Researchers at the Georgia Institute of Technology are now investigating where these information “leaks” originate so they can help hardware and software designers develop strategies to plug them.
By studying emissions from multiple computers, the team from the Georgia Institute of Technology in the US has developed a matrix for measuring the strength of the leaks – known technically as “side-channel signal” – to help prioritise security efforts.
“Side-channel” emissions can be measured several feet away from an operating computer using a variety of spying methods.
“People are focused on security for the Internet and on the wireless communication side, but we are concerned with what can be learned from your computer without it intentionally sending anything,” said Alenka Zajic, an assistant professor in Georgia Tech’s School of Electrical and Computer Engineering.
“Even if you have the Internet connection disabled, you are still emanating information that somebody could use to attack your computer or smartphone,” said Zajic.
Each computer operation has a different potential for leaking information.
The processor draws different amounts of current depending on the operation, creating fluctuations that can be measured.
Saving data to memory also requires a large amount of current, creating a “loud” operation.
“When you are executing instructions in the processor, you generate a different type of waveform than if you are doing things in memory. And there is interaction between the two,” said Alenka Zajic, assistant professor at Georgia Tech.

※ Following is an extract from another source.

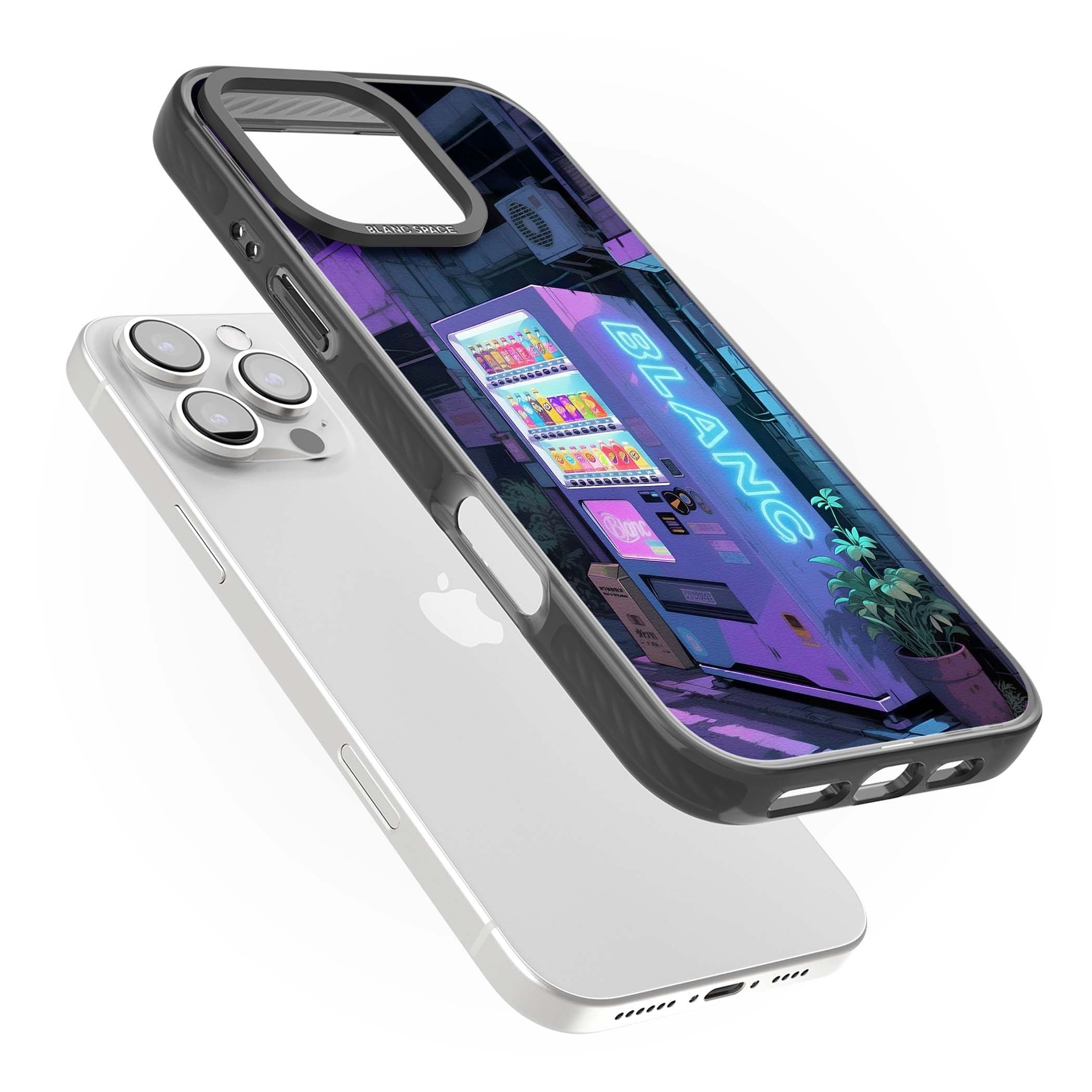 Shibuya Glow Japanese iPhone case featuring a glowing Tokyo vending machine, neon signage, and moody purple alleyway | Black Impact Magsafe case for iPhone 16 Pro, iPhone 16 Pro Max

To measure the vulnerability, Zajic and the team developed a metric known as “signal available to attacker” (SAVAT), which is a measure of the strength of the signal emitted.

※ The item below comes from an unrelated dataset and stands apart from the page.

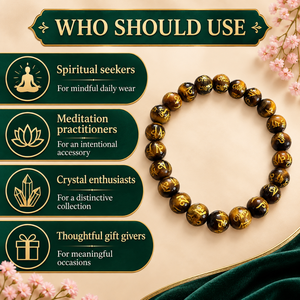 Bracelet en pierre naturelle œil de tigre, perles en forme de boule, gravé Om Mani Padma, taille unique - Product Image 2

They measured the level of SAVAT for 11 different instructions executed on three different laptops and found the largest signals when the processors accessed off-chip memory.
It is not really possible to eliminate all “side-channel signal”.
“The trick is to make those signals weak so potential attackers would have to use larger antennas and utilise time-consuming signal analyses,” Zajic added.
The researchers are also now studying smartphones, whose compact design and large differential between idle and in-use power may make them more vulnerable.
As a demonstration, Zajic typed a simulated password on one laptop that was not connected to the Internet.
On the other side of a wall, a colleague using another disconnected laptop read the password as it was being typed by intercepting side-channel signals produced by the first laptop’s keyboard software, which had been modified to make the characters easier to identify.
“There is nothing added in the code to raise suspicion,” said Milos Prvulovic, an associate professor in the Georgia Tech School of Computer Science.
“It looks like a correct, but not terribly efficient version of normal keyboard driver software. And in several applications, such as normal spell-checking, grammar-checking and display-updating, the existing software is sufficient for a successful attack,” said Prvulovic.
Currently, there is no mention in the open literature of hackers using side-channel attacks, but the researchers believe it is only a matter of time before that happens.